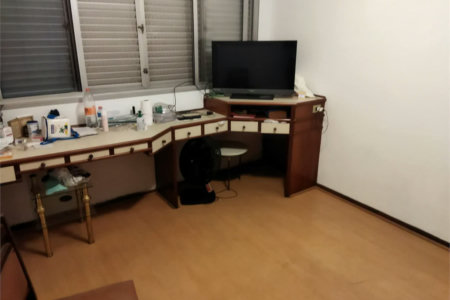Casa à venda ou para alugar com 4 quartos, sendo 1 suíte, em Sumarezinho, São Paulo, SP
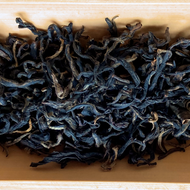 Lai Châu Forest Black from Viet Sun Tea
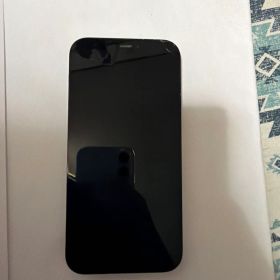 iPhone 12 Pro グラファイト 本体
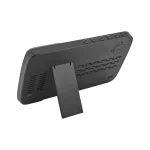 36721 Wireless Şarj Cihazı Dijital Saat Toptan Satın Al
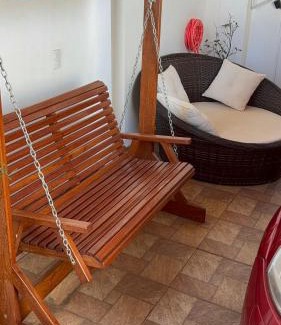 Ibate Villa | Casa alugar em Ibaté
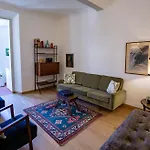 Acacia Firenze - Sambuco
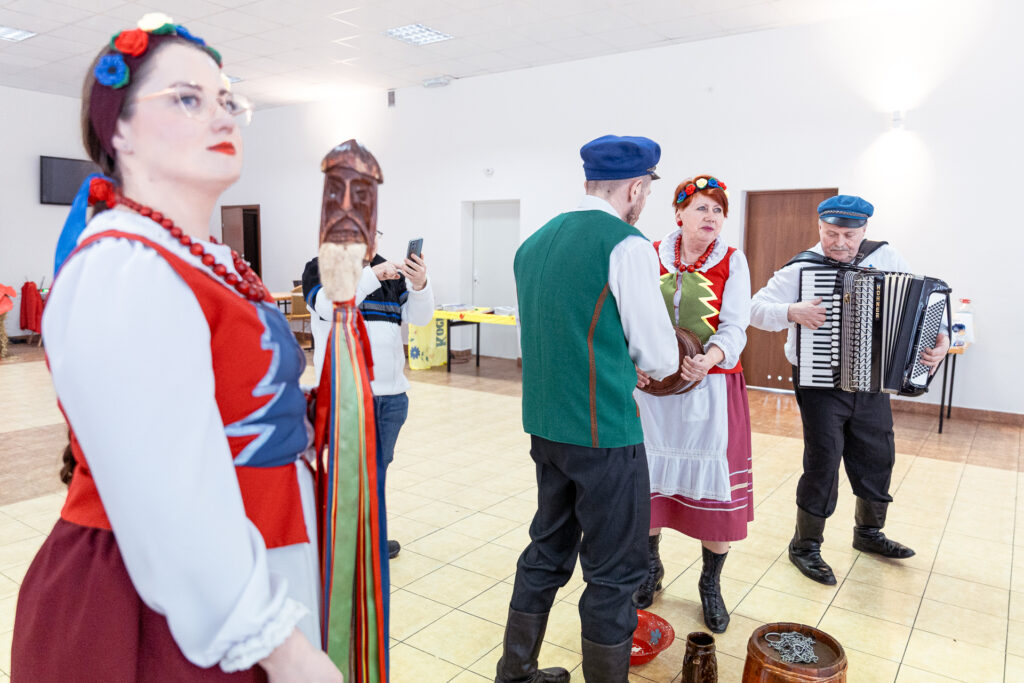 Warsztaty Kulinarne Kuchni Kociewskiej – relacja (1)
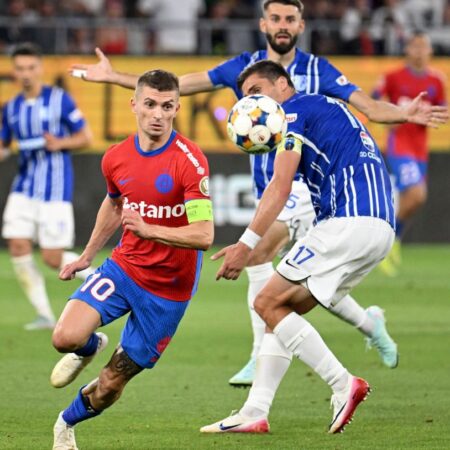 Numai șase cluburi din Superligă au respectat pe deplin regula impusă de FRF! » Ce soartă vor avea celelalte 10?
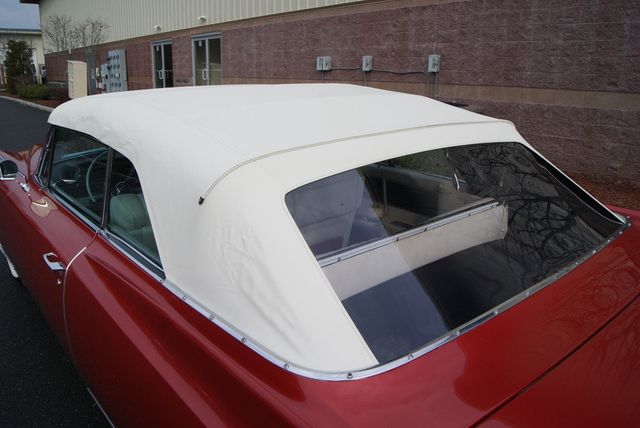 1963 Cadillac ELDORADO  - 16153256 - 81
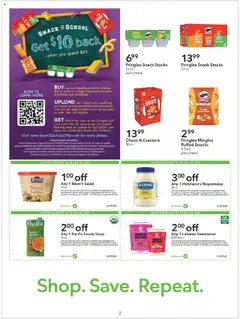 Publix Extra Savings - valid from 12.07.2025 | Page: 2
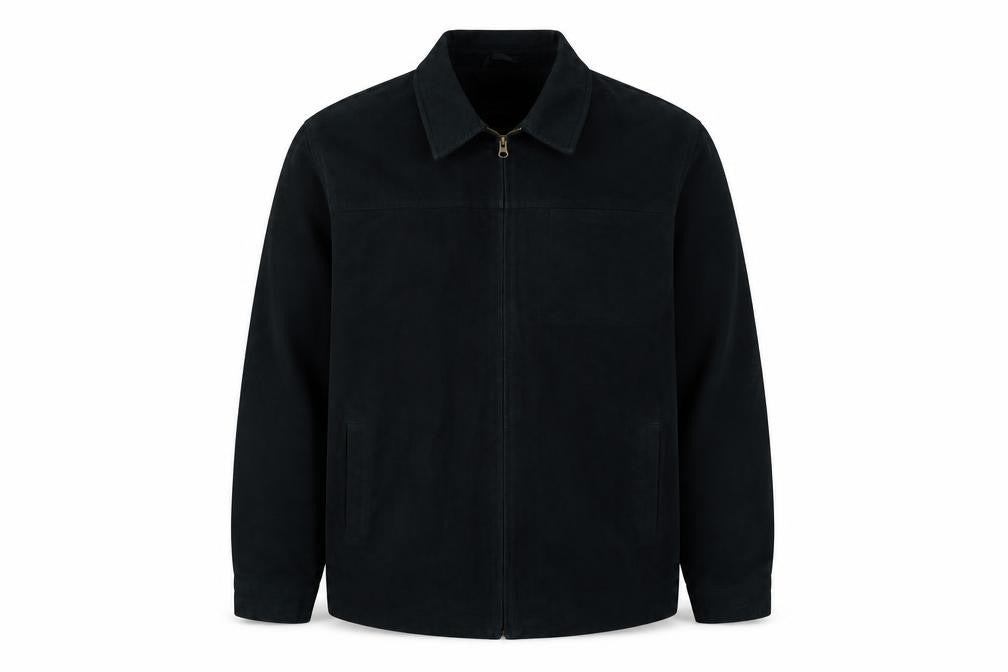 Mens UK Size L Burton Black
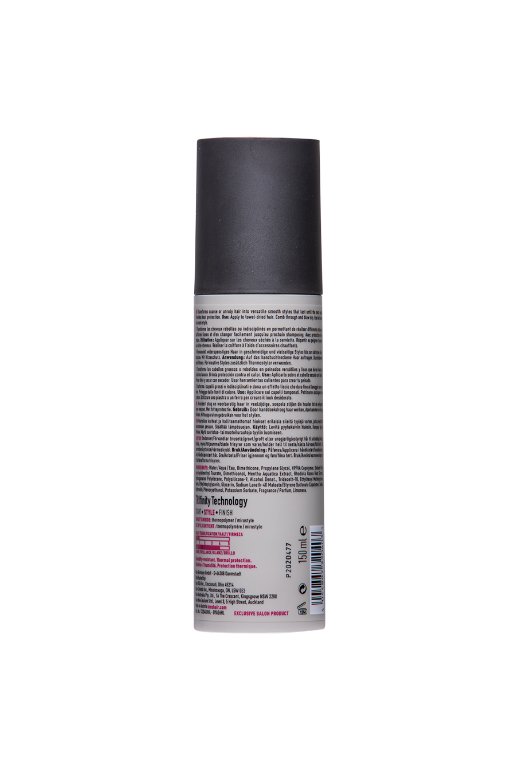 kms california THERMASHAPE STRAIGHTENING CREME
━━━━━━
- [YOUR ASSIGNMENT] Everything from the line with "1963 Cadillac ELDORADO" through the final line of the records above should be written out exactly, minus the pictures.

- [RESULT BELOW]
 1963 Cadillac ELDORADO  - 16153256 - 81
 Publix Extra Savings - valid from 12.07.2025 | Page: 2
 Mens UK Size L Burton Black
 kms california THERMASHAPE STRAIGHTENING CREME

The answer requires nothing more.